II. Au sujet du second avènement, c’est-à-dire du Jugement Dernier, nous devons considérer, tour à tour, les circonstances qui le précéderont, et celles qui l’accompagneront.

1° Les circonstances qui précéderont le Jugement Dernier sont de trois sortes : des signes terribles, l’imposture de l’Antéchrist, et un immense incendie.

Les signes qui doivent précéder le Jugement Dernier sont au nombre de cinq : car saint Luc dit : « Il y aura des signes dans le soleil, dans la lune et dans les étoiles ; sur la terre, les nations seront consternées, et la mer fera un bruit effroyable par l’agitation de ses flots. » Toutes choses dont on trouvera le commentaire au livre de l’Apocalypse.

Saint Jérôme, de son côté, a trouvé dans les annales des Hébreux quinze signes précédant le Jugement Dernier : 1°le premier jour, la mer s’élèvera à quarante coudées au-dessus des montagnes, et se dressera immobile comme un mur ; 2° le deuxième jour, elle descendra si bas qu’on pourra à peine la voir ; 3° le troisième jour, des monstres marins, apparaissant sur les flots, pousseront des rugissements qui s’élèveront jusqu’au ciel ; 4° le quatrième jour, l’eau de la mer brûlera ; 5° le cinquième jour, les arbres et tous les végétaux dégageront une rosée sanglante ; 6° le sixième jour, les édifices s’écrouleront ; 7° le septième jour, les pierres se briseront en quatre parties, qui toutes s’entrechoqueront ; 8° le huitième jour, aura lieu un tremblement de terre universel, qui couchera sur le sol hommes et bêtes ; 9° le neuvième jour, la terre se nivellera, réduisant en poussière montagnes et collines ; 10° le dixième jour, les hommes sortiront des cavernes, et erreront comme des insensés, sans pouvoir se parler ; 11° le onzième jour, les ossements des morts sortiront des tombeaux ; 12° le douzième jour, les étoiles tomberont ; 13° le treizième jour, tous les êtres vivants mourront pour ressusciter ensuite avec les morts ; 14° le quatorzième jour, le ciel et la terre brûleront ; 15° le quinzième jour, il y aura un nouveau ciel et une nouvelle terre, et tous ressusciteront.
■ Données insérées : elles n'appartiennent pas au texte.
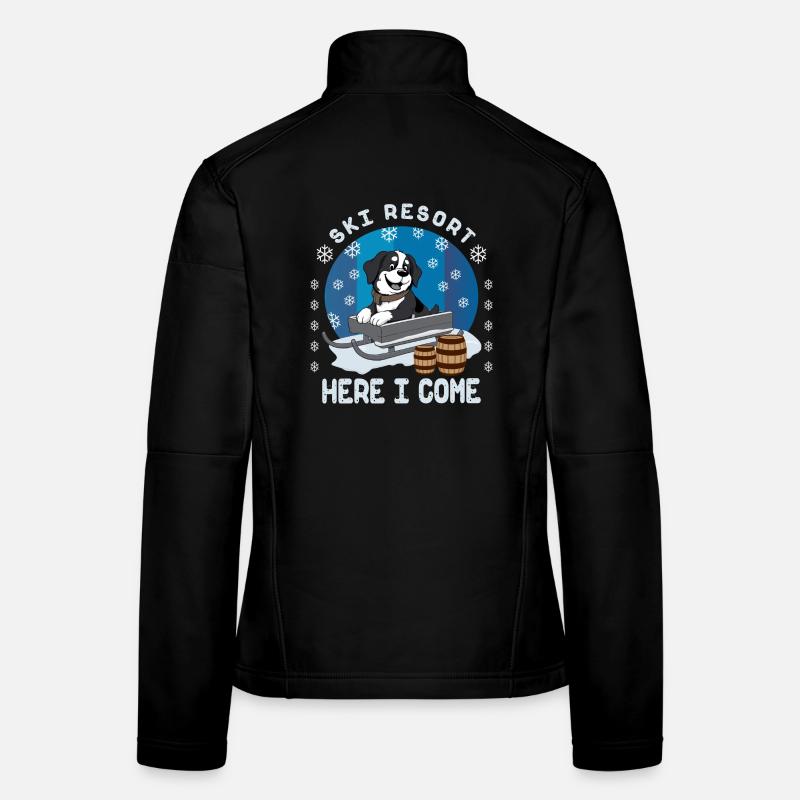 Frauen Softshelljacke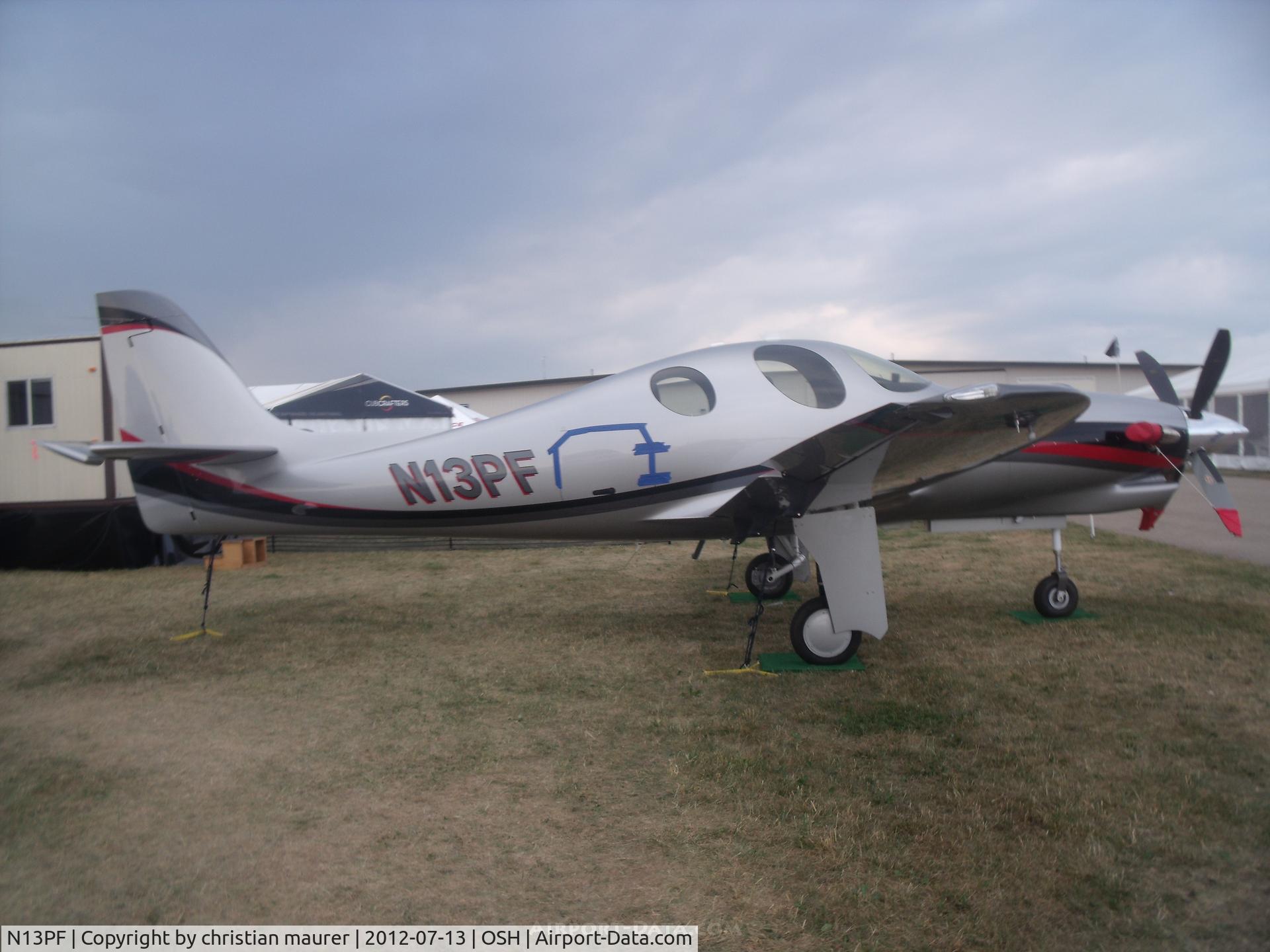 N13PF, Lancair Evolution C/N EVO-028, lancair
En second lieu, le Jugement Dernier sera précédé de l’imposture de l’Antéchrist, qui essaiera de tromper les hommes en quatre manières : 1° par une fausse exposition des écritures, d’où il essaiera de prouver qu’il est le Messie promis par la loi ; 2° par l’accomplissement de miracles ; 3° par la distribution de présents ; 4° par l’infliction de supplices.

En troisième lieu, le Jugement Dernier sera précédé d’un violent incendie, allumé par Dieu pour renouveler le monde, pour faire souffrir les damnés, et pour mettre en lumière la troupe des élus.

2° Quant aux circonstances qui accompagneront le Jugement Dernier, on doit nommer d’abord la répartition des bons et des méchants : car on sait que le juge descendra dans la Vallée de Josaphat et mettra les bons à sa droite, et les méchants à sa gauche. Ce qui ne signifie point, ainsi que le dit très justement saint Jérôme, que tous les hommes doivent parvenir à prendre place dans cette petite vallée, mais seulement que là sera le centre du jugement : sans compter que rien n’empêchera Dieu, s’il le veut, de faire tenir en un petit espace un nombre infini de personnes.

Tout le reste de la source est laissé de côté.